Drug discovery has entered a new century with an unheralded wealth of sophisticated technologies and information generation platforms, including the draft map of the human genome, which theoretically will allow the more rapid development of medicines with improved selectivity and safety profiles. To use the bewildering exponential flow of data related to the molecular targets involved in the cause(s) of various diseases and the increasingly sophisticated computer‐based technologies that define the requirements for chemical diversity and diversity space requires an understanding of basic receptor/enzyme theory. The latter, based on the Law of Mass Action, defines the concepts of agonism, antagonism, and more recently, allosteric modulation.
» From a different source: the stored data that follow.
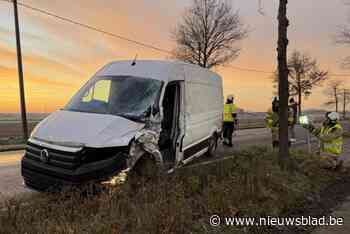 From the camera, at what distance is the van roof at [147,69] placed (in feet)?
21.4

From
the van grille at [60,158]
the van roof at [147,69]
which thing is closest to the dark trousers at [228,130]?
the van roof at [147,69]

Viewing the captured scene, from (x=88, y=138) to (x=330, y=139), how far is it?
5818 millimetres

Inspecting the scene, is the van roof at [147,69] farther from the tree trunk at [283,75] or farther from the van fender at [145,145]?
the tree trunk at [283,75]

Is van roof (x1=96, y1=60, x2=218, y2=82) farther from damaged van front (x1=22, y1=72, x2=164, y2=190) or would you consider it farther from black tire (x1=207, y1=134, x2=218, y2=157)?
black tire (x1=207, y1=134, x2=218, y2=157)

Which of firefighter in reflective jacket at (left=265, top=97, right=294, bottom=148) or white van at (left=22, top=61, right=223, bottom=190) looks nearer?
white van at (left=22, top=61, right=223, bottom=190)

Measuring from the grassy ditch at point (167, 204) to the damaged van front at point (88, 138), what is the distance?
0.99ft

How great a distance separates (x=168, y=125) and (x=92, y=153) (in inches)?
103

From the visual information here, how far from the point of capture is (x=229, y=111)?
12.4 meters

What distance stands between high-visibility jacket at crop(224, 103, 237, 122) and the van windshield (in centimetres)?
641

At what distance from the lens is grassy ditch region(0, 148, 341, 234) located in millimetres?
3762

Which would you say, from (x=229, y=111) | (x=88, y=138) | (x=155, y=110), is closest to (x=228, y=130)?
(x=229, y=111)

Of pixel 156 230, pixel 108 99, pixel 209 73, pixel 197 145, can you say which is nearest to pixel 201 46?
pixel 209 73

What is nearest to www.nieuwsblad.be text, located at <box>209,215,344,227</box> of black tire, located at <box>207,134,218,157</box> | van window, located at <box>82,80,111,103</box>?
van window, located at <box>82,80,111,103</box>

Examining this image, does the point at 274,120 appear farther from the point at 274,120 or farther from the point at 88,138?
the point at 88,138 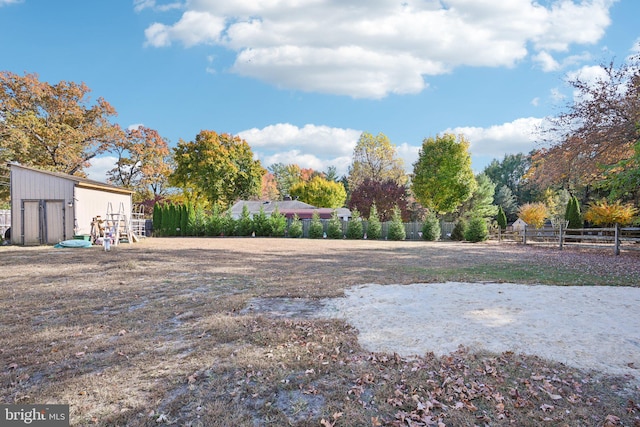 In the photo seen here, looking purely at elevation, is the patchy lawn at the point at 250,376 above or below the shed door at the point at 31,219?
below

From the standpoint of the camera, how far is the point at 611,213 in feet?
69.3

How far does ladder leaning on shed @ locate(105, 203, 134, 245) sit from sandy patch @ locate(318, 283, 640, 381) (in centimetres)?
1354

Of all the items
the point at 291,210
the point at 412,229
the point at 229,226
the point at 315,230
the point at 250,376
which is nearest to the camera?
the point at 250,376

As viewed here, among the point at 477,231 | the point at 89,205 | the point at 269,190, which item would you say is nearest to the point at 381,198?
the point at 477,231

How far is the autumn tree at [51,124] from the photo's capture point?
797 inches

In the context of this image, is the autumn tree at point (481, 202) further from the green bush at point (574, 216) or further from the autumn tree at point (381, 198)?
the green bush at point (574, 216)

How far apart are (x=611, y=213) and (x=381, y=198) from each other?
14.4m

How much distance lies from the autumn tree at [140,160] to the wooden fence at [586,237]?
82.5ft

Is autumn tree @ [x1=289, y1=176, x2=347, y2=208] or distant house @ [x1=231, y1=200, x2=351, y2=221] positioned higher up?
autumn tree @ [x1=289, y1=176, x2=347, y2=208]

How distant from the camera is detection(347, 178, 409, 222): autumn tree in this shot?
28906 millimetres

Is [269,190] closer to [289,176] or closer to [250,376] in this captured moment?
[289,176]

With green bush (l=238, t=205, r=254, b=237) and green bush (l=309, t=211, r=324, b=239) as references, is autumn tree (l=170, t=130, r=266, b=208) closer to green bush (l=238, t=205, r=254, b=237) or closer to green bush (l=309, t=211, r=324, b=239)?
green bush (l=238, t=205, r=254, b=237)

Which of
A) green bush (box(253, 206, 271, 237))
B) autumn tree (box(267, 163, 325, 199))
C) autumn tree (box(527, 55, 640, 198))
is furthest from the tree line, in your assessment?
autumn tree (box(267, 163, 325, 199))

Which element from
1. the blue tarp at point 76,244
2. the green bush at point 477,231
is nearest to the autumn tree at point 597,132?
the green bush at point 477,231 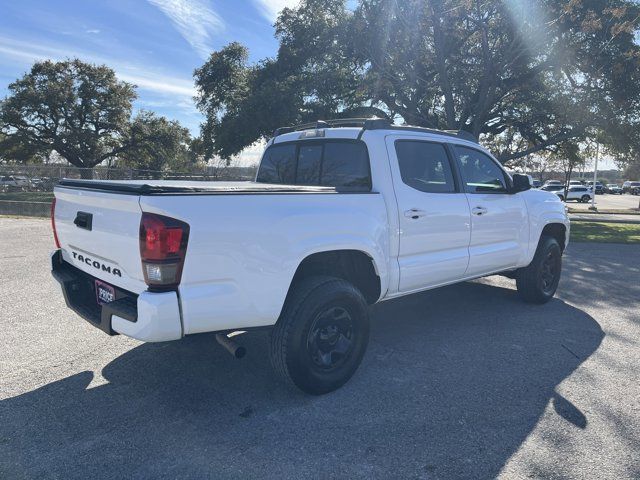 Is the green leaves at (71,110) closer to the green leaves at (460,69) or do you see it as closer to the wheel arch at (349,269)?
the green leaves at (460,69)

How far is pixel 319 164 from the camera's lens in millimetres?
4379

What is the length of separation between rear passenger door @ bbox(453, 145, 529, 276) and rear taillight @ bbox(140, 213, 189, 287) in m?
3.01

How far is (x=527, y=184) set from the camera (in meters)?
5.11

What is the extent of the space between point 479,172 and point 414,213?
53.3 inches

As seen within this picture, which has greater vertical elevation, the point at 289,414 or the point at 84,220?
the point at 84,220

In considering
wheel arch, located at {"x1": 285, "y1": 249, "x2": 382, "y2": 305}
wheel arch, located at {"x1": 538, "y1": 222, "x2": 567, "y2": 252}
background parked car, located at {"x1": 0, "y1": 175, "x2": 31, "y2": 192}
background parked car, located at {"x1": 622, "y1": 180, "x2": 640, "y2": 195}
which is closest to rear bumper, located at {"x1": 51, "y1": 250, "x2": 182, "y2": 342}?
wheel arch, located at {"x1": 285, "y1": 249, "x2": 382, "y2": 305}

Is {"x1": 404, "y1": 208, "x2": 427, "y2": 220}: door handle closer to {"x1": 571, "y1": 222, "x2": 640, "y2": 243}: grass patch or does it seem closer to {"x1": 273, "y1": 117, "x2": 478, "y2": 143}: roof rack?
{"x1": 273, "y1": 117, "x2": 478, "y2": 143}: roof rack

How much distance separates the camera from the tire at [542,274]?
563 cm

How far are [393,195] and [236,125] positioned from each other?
20.1 meters

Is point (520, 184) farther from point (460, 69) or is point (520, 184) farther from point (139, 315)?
point (460, 69)

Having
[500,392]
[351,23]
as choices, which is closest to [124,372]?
[500,392]

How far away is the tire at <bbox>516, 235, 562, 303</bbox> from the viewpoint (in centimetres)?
563

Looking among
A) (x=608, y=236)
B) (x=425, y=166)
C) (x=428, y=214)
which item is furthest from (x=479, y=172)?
(x=608, y=236)

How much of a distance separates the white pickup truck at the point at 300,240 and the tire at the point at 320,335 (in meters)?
0.01
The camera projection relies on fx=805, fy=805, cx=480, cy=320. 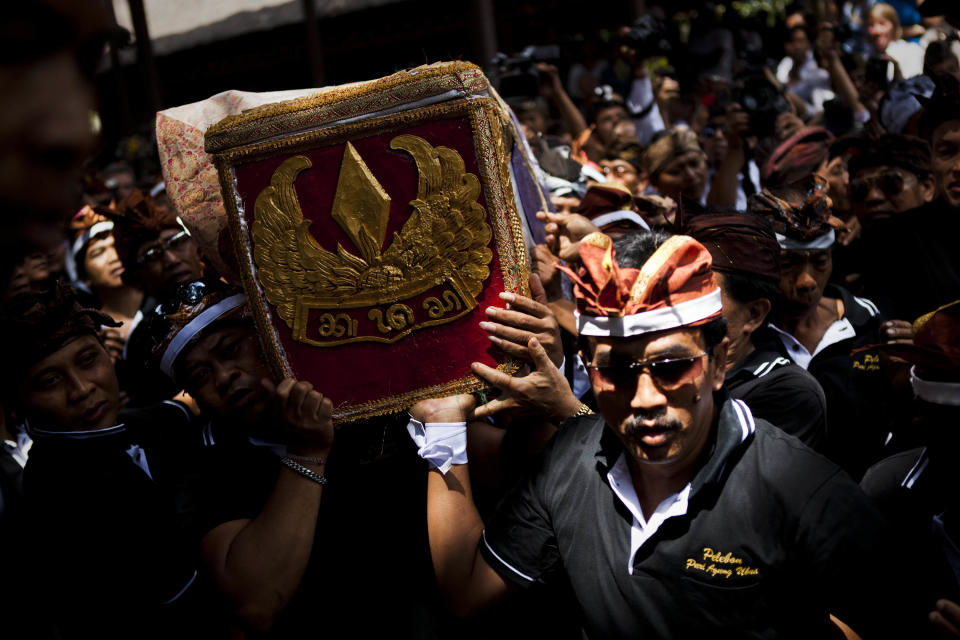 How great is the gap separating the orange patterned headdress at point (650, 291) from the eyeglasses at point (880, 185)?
2.55 meters

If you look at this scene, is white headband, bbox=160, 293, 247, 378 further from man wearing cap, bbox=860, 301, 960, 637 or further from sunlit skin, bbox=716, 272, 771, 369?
man wearing cap, bbox=860, 301, 960, 637

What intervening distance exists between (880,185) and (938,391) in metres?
2.40

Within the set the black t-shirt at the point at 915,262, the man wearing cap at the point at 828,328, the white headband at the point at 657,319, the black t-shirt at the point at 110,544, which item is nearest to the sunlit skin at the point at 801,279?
the man wearing cap at the point at 828,328

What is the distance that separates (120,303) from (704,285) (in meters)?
4.27

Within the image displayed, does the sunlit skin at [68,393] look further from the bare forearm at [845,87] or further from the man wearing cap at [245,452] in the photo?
the bare forearm at [845,87]

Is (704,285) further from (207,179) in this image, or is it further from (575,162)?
(575,162)

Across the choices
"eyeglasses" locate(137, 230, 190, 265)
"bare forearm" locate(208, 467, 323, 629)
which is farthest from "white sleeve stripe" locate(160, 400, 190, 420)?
"bare forearm" locate(208, 467, 323, 629)

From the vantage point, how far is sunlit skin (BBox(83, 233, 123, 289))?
199 inches

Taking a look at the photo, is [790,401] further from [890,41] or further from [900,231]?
[890,41]

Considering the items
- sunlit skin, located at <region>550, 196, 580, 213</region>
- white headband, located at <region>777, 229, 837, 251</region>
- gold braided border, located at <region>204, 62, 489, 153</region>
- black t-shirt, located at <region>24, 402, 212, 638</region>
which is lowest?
black t-shirt, located at <region>24, 402, 212, 638</region>

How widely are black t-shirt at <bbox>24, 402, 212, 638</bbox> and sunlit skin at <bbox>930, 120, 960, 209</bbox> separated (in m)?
3.29

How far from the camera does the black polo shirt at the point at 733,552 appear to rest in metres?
1.71

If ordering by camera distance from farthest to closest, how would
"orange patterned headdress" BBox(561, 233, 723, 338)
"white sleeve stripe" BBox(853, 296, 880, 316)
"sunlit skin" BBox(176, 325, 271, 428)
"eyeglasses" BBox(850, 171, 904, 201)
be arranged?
1. "eyeglasses" BBox(850, 171, 904, 201)
2. "white sleeve stripe" BBox(853, 296, 880, 316)
3. "sunlit skin" BBox(176, 325, 271, 428)
4. "orange patterned headdress" BBox(561, 233, 723, 338)

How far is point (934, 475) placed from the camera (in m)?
2.03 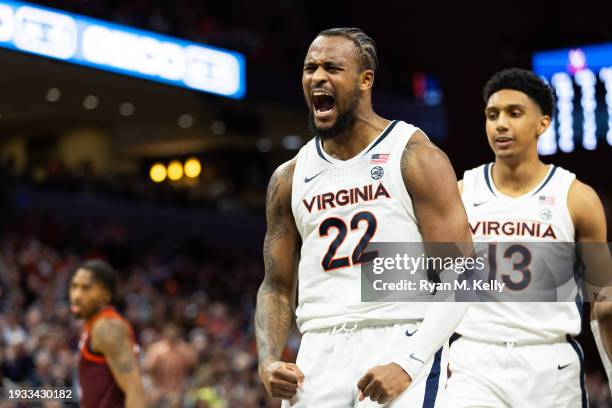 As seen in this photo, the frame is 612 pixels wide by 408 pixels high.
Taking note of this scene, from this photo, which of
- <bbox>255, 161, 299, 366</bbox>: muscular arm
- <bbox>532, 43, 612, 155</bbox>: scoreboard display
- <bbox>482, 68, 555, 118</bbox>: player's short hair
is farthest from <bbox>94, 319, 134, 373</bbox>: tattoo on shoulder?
<bbox>532, 43, 612, 155</bbox>: scoreboard display

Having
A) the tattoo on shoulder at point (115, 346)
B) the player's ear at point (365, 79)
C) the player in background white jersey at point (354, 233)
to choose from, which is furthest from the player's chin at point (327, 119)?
the tattoo on shoulder at point (115, 346)

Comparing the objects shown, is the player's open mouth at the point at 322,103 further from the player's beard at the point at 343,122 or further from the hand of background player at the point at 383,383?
the hand of background player at the point at 383,383

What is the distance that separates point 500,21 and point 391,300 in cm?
1889

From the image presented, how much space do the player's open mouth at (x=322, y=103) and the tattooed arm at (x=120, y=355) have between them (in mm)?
2888

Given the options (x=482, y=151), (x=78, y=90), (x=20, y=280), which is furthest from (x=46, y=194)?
(x=482, y=151)

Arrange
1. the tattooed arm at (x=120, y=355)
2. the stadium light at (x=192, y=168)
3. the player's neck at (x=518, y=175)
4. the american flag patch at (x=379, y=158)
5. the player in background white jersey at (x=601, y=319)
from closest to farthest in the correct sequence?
the american flag patch at (x=379, y=158)
the player in background white jersey at (x=601, y=319)
the player's neck at (x=518, y=175)
the tattooed arm at (x=120, y=355)
the stadium light at (x=192, y=168)

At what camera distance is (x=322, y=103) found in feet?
13.0

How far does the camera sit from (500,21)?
21.8 meters

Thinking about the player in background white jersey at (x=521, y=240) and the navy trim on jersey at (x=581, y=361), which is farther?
the navy trim on jersey at (x=581, y=361)

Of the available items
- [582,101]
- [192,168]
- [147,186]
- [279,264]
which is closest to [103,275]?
[279,264]

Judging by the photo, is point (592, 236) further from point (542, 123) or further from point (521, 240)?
point (542, 123)

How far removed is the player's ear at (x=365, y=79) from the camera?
399cm

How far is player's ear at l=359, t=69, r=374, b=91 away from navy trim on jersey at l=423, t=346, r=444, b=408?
1046 mm

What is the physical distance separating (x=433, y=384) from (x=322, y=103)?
1126 mm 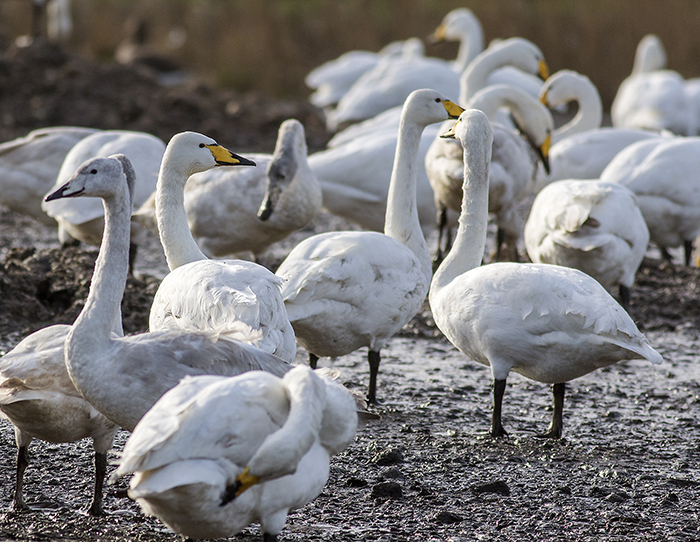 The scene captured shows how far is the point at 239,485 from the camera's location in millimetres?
2727

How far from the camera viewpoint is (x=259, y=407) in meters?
2.93

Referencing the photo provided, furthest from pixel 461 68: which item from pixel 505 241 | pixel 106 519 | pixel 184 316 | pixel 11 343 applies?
pixel 106 519

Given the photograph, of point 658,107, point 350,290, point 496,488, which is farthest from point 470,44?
point 496,488

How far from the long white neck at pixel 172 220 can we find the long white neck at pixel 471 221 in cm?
136

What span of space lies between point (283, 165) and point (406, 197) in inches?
36.6

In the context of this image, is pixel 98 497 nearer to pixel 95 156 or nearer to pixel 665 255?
pixel 95 156

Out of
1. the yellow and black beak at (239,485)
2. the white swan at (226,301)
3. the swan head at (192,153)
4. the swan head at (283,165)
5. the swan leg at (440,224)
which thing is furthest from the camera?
the swan leg at (440,224)

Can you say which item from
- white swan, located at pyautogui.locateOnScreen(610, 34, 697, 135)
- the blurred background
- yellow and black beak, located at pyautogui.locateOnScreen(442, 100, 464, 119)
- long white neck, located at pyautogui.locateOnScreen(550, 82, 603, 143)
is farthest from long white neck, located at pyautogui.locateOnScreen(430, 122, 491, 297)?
the blurred background

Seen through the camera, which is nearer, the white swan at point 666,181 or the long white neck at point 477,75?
the white swan at point 666,181

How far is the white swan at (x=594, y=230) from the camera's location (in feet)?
20.2

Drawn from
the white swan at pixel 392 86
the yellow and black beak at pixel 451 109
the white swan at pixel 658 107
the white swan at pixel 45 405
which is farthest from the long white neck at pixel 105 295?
the white swan at pixel 658 107

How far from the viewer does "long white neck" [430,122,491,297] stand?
204 inches

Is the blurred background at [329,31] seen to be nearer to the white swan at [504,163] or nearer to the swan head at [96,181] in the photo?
the white swan at [504,163]

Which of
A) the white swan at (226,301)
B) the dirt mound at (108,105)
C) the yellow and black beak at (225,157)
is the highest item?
the yellow and black beak at (225,157) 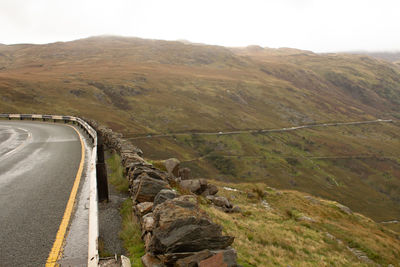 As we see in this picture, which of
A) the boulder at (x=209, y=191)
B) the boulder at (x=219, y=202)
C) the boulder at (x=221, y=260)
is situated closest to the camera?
the boulder at (x=221, y=260)

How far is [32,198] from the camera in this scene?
905 centimetres

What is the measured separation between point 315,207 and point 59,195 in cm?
2537

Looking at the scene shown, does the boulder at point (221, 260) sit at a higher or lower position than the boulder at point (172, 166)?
higher

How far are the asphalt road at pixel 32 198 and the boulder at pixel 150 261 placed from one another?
201cm

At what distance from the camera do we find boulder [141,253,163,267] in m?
5.56

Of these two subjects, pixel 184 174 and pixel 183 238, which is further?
pixel 184 174

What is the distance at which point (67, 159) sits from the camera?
50.2ft

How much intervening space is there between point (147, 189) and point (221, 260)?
12.3 ft

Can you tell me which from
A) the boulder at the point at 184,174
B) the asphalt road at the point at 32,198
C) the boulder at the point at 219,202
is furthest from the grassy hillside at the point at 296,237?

The application of receptor/enzyme theory to the practical aspects of lead compound identification and optimization is based on defining structure‐activity relationships (SARs) for a variety of physiological and pharmacological parameters and involves the evaluation of new chemical entities in
in vitro
and
in vivo
assays that measure efficacy, selectivity, side effect liability and absorption, distribution, metabolism and excretion, and toxicology. Understanding how knowledge of drug targets has evolved; the challenges to validating new targets, especially those evolving from the genome; and assays beyond high‐throughput screening that provide objective SAR information, as well as designing compounds to interact with these targets that have “druggable” characteristics, are the keys to successful, and by definition, financially viable, drug discovery.